EXERCISE OBJECTIVE: Could you give again exactly, and only, the lines from the one holding "Lime Green Mystique" through the end of the data, both ends included, with pictures left out?

PROVIDED MATERIAL:
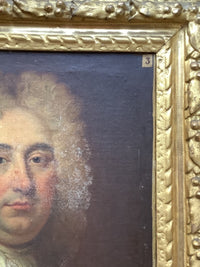 Antique French Baroque Royal Portrait — Oil on Canvas, After Hyacinthe Rigaud, 18th Century, Framed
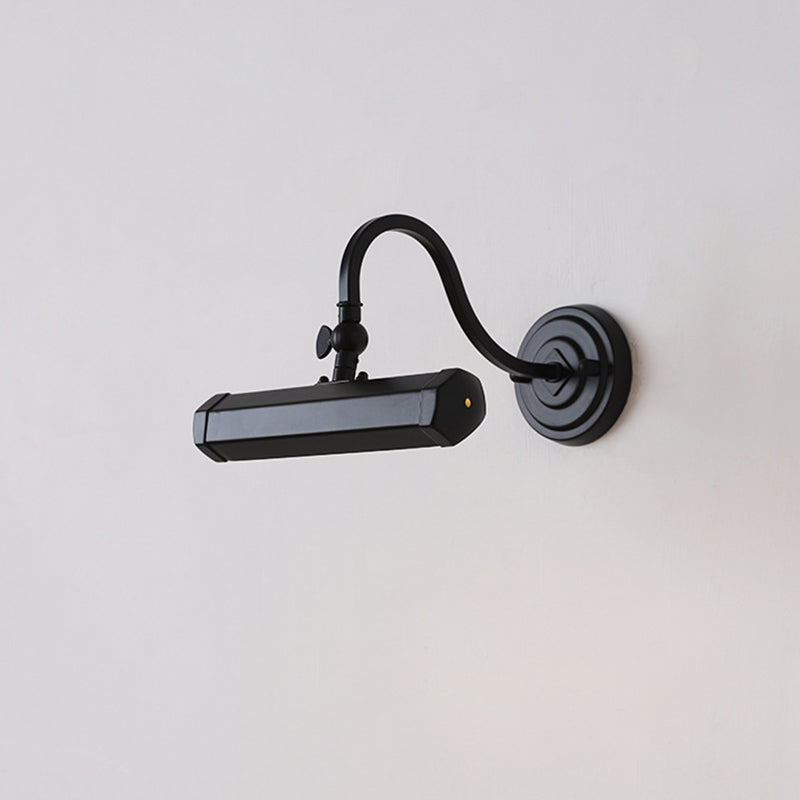 Minimalist Rotatable Long Iron 2-Light Wall Sconce Lamp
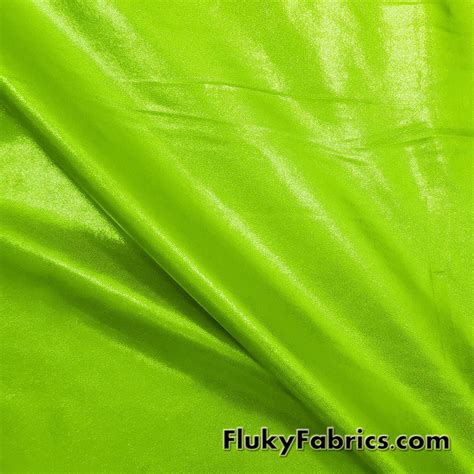 Lime Green Mystique Metallic Foggy Foil Spandex Swimsuit Bikini Swimwear Fabric Fluky Fabrics
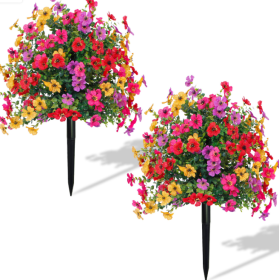 2-pack, ImitationFlowers, Ground Stake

THE ANSWER:
 Lime Green Mystique Metallic Foggy Foil Spandex Swimsuit Bikini Swimwear Fabric Fluky Fabrics
 2-pack, ImitationFlowers, Ground Stake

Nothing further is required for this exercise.